His hypothesis, that there was only one cause of the disease and that it could be
prevented simply through cleanliness, ran counter to the prevailing medical ideology of
the time, which insisted that diseases had multiple causes. Despite the practical
demonstration of its effectiveness, his approach was largely ignored, rejected or even
ridiculed. Ideology trumped facts. Things got so bad that Semmelweis was ultimately
dismissed from his hospital post and harassed by the medical community in Vienna,
forcing him to move to Budapest.
In Budapest, Semmelweis grew increasingly outspoken and hostile towards
physicians who refused to acknowledge his discovery and implement his protocols.
Vitriolic exchanges ensued, in medical literature and in letters, and Semmelweis was
eventually lured to an asylum where his opponents had arranged for his incarceration.

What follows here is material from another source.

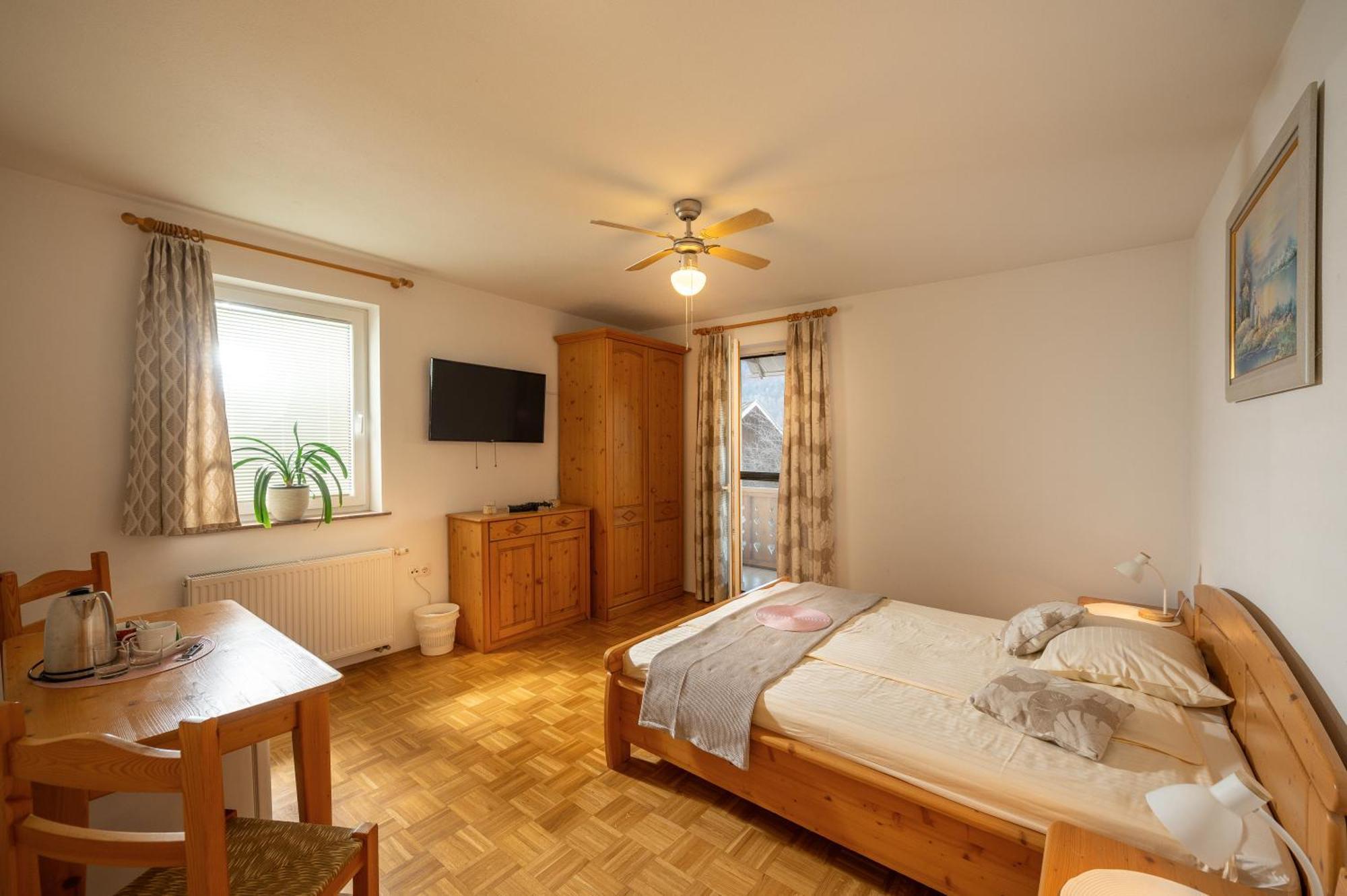 Rooms & Apartments Pr Matjon Блед Экстерьер фото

He was beaten severely and put in a straitjacket. He died within two weeks. This story
hardly fits within the scientific ideal. As a consequence, the “Semmelweis Reflex” is
our tendency to reject evidence when it contradicts our favored norms and beliefs. It is
exceedingly hard for us to follow the evidence wherever it leads.
Per Kahneman, organizations are more likely to succeed at overcoming bias than
individuals. That’s partly on account of resources, and partly because self-criticism is
so difficult. The best check on bad decision-making we have is when someone (or,
when possible, an empowered team) we respect sets out to show us where and how
we are wrong. Within organizations that means trying to foster what Kahneman calls
“adversarial collaboration” and making sure that everyone can be challenged without
fear of reprisal and that everyone (and especially anyone in charge) is accountable.
But it doesn’t happen very often. Kahneman routinely asks groups how committed
they are to better decision-making and if they are even willing to spend 1% of their
budgets on doing so. Sadly, he hasn’t had any takers yet.